On peut lire un peu partout qu’avec Les Olympiades, Jacques Audiard se serait réinventé. Comme si, depuis ses débuts en 1994, il n’avait cessé de faire le même film, toujours. Alors que non. Audiard a toujours été là où on ne l’attendait pas, ou pas vraiment. D’un polar mal léché (Regarde les hommes tomber) à une romance cabossée (Sur mes lèvres) en passant par un film d’initiation en prison (Un prophète) et même un western (Les frères Sisters). Et aujourd’hui un film générationnel pour quatuor éclectique, voire électrique. Trois nanas et un mec qui se rencontrent, quatre vies qui se percutent, quatre corps qui s’empoignent et se rejettent et qu’Audiard observe avec autant de douceur que d’impudeur (tout le monde à poil, vas-y le full frontal sauf chez monsieur, bizarrement).
Un film en noir et blanc chiadé, un film de tours et d’air du temps, un film de cœur et de cul. Ici on s’aime, on s’aime plus, on jouit, on jouit pas, on se veut, on se déteste, on s’appelle, on se caresse. Audiard, avec la complicité de Céline Sciamma et de Léa Mysius à l’écriture, s’approprie les trois nouvelles graphiques d’Adrian Tomine et un bout du 13e arrondissement, aux alentours de la dalle des Olympiades. Là, entre béton et vue dégagée, il filme une sorte de marivaudage moderne (Allen, Garrel, Rohmer, ça saute aux yeux : les boss sont en embuscade, mis aux goûts du jour) alliant questionnements intimes et (éternels) jeux de l’amour à la banalité du monde actuel, jusque dans ses (petits) chaos quotidiens.

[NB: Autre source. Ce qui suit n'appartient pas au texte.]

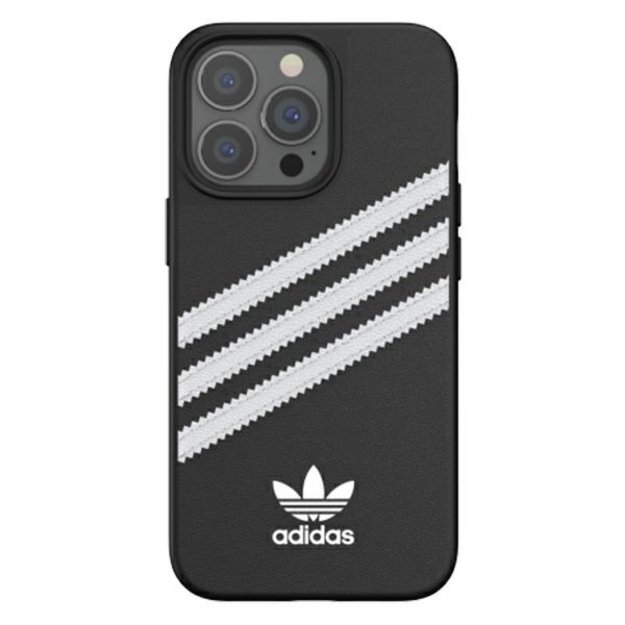 Adidas OR Molded Case PU for iPhone 13 Pro / iPhone 13 - Black and White 1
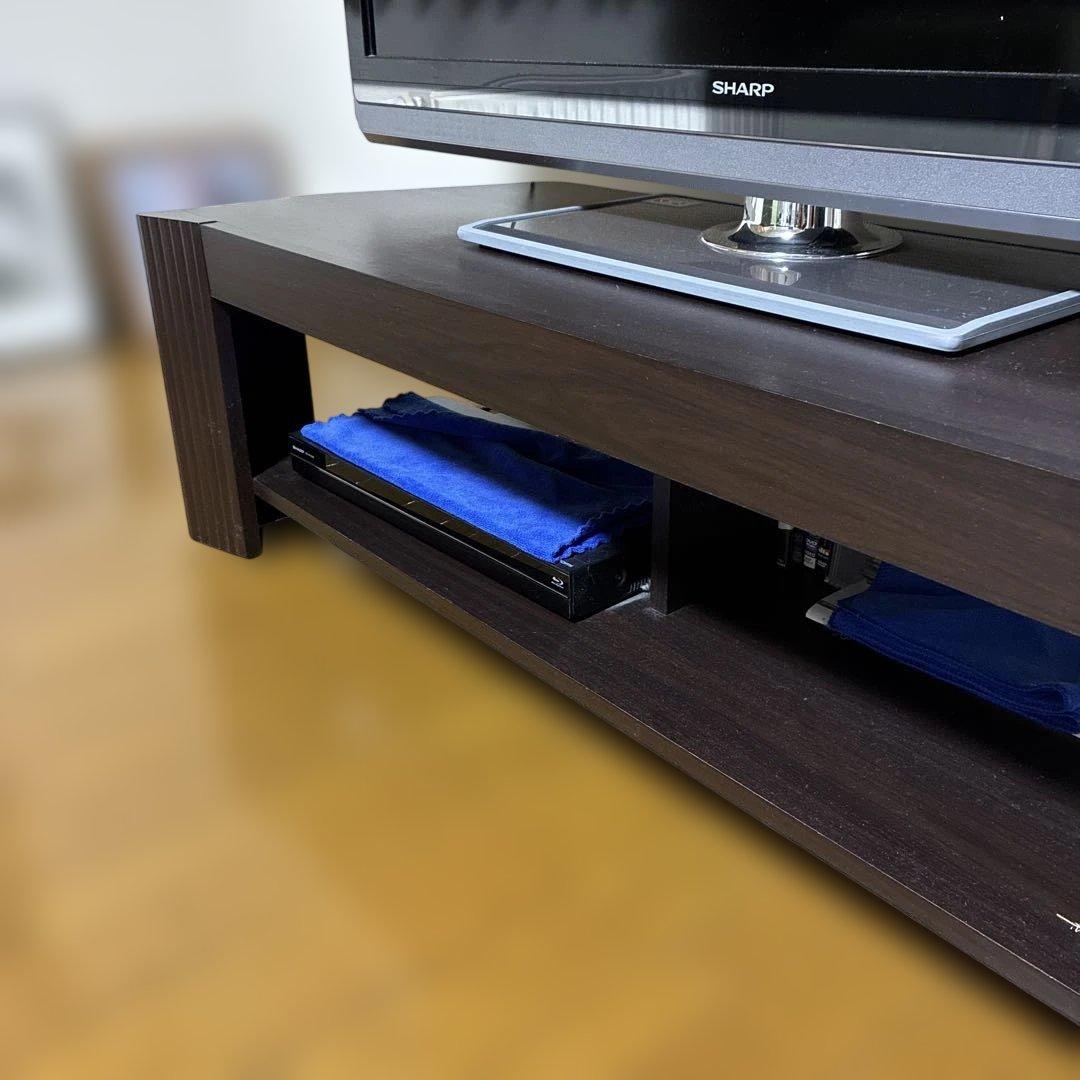 ダークブラウン シンプル テレビ台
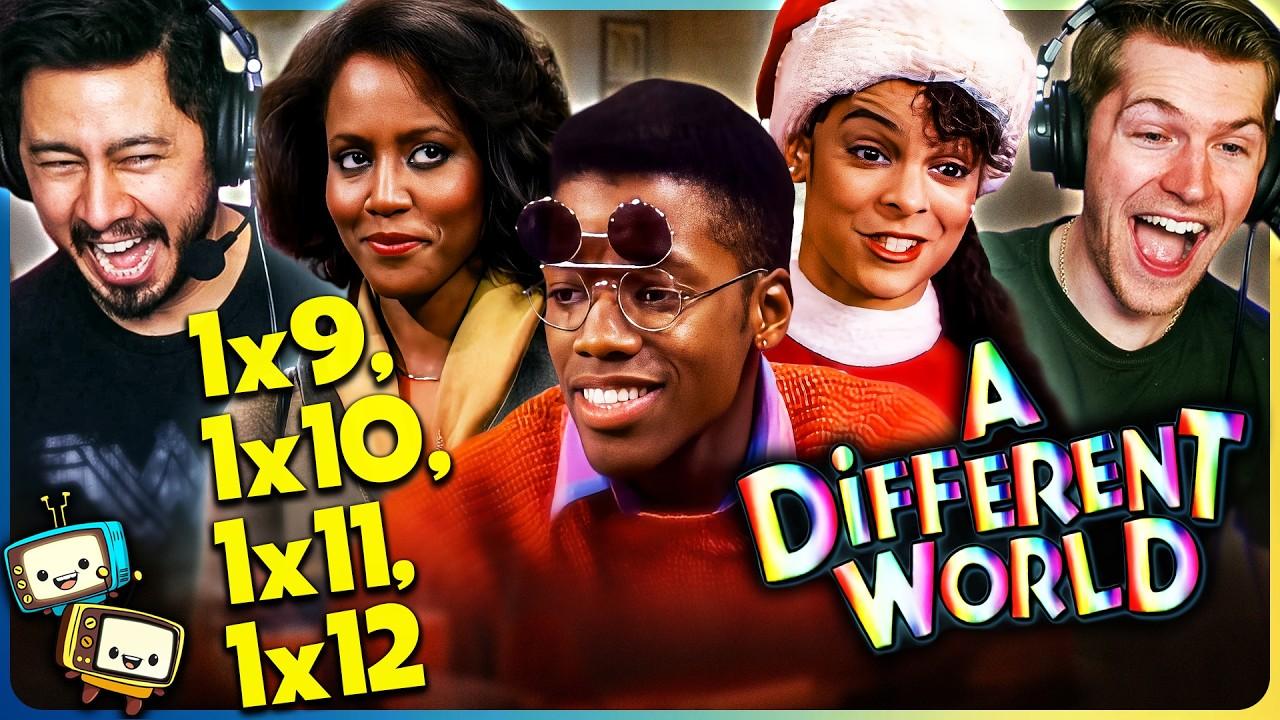 A Different World (1987) 1x9, 1x10, 1x11 & 1x12 Reaction! | Jasmine Guy ...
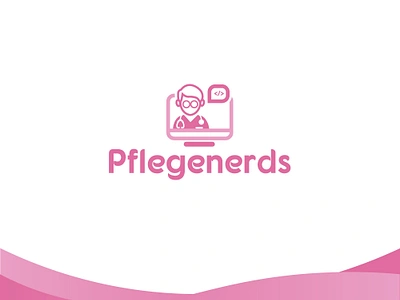 Pflegenerds - nursing online training branding graphic design logo nurse nurse training nursing online training pink logo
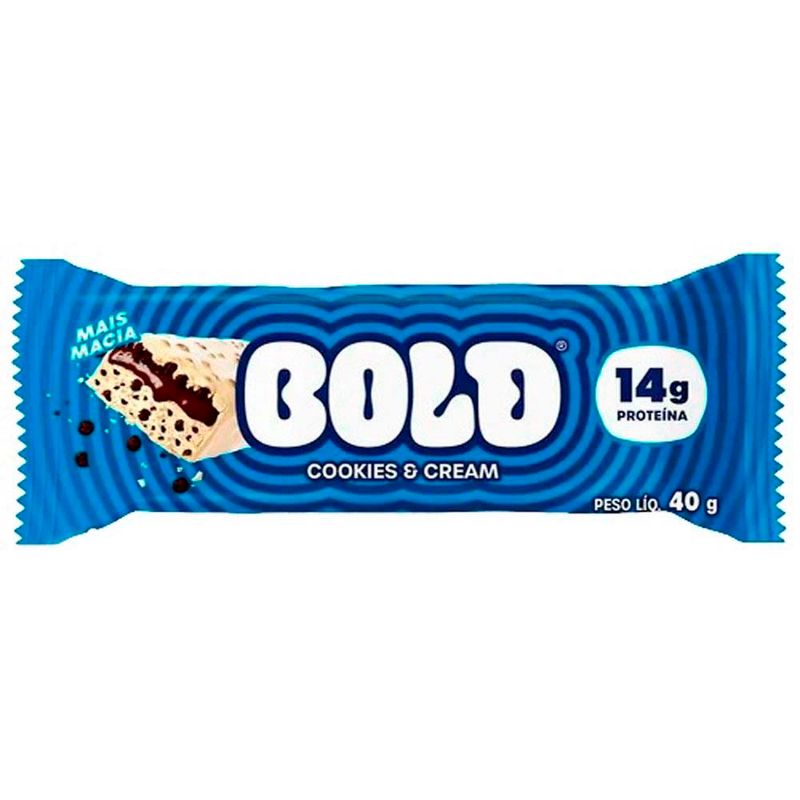 barra de proteína bold cookies & cream 40g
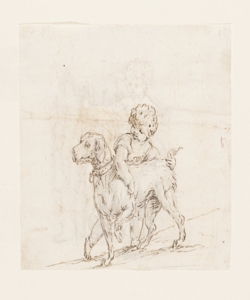 Bimbo con un cane Bonomini, Paolo Vincenzo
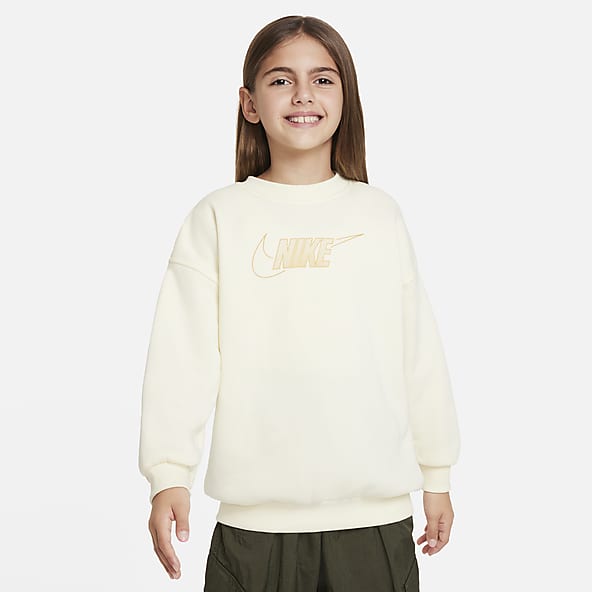 Nike Sportswear Club Fleece Big Kids' (Girls') Crew-Neck Sweatshirt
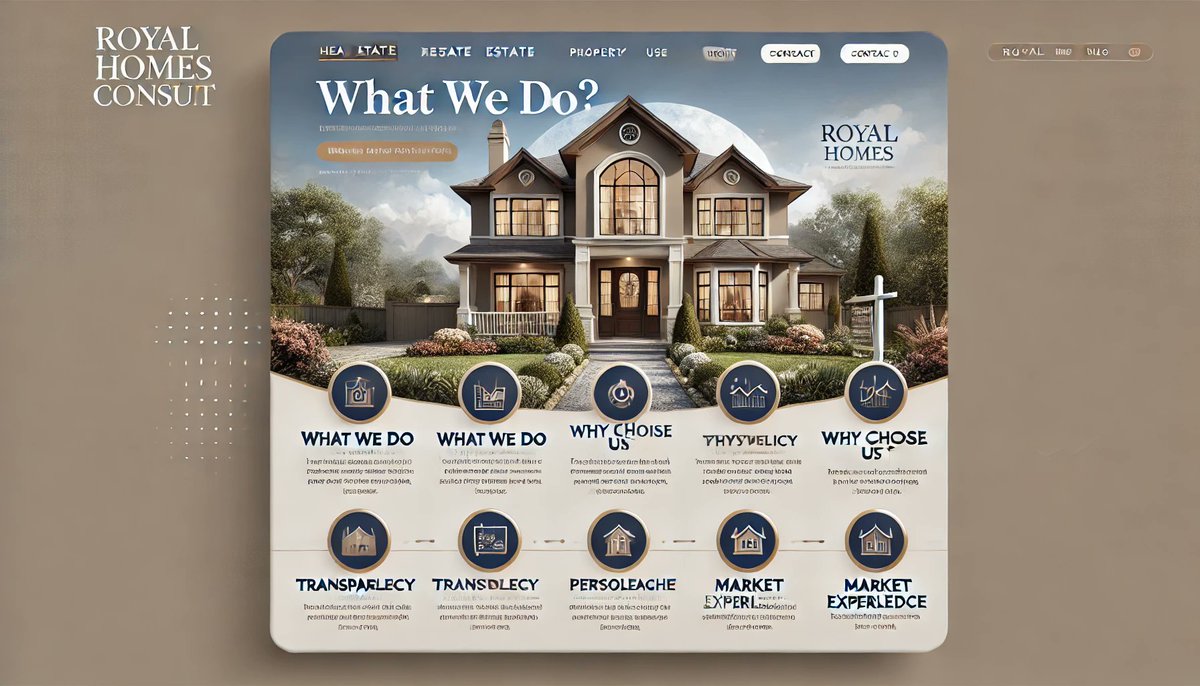 BlaqVisual's tweet image. Let’s turn your real estate goals into reality. Discover the Royal Homes Consult difference today.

C’est que le film entend dire aussi, un peu, de notre époque, la merde des réseaux sociaux, le harcèlement en ligne, le malaise des profs, les boulots de merde, mais sans vraiment s’en soucier, de façon presque anecdotique, simplement pour ancrer ses récits dans une contemporanéité qui, du coup, paraît aligner les clichés, défoncer des portes ouvertes. Sans parler des identités et de ce qui (dé)construit les personnages, abordés brièvement (les racines familiales d’Émilie, les rapports incestueux de Nora avec son oncle, le travail sexuel d’Amber…) puis éludés complètement au profit d’une caractérisation plus passe-partout. Ce n’est clairement pas ce que l’on retiendra du film (on lui préfèrera par exemple le très beau Nos vies heureuses de Jacques Maillot qui joue des mêmes thématiques que ces Olympiades), mais plutôt cette énergie constante autour des soubresauts du désir, parfois qui happe, parfois lyrique, parfois malhabile comme celle d’un premier film trop fébrile, impatient, mais auquel on s’attache quand même.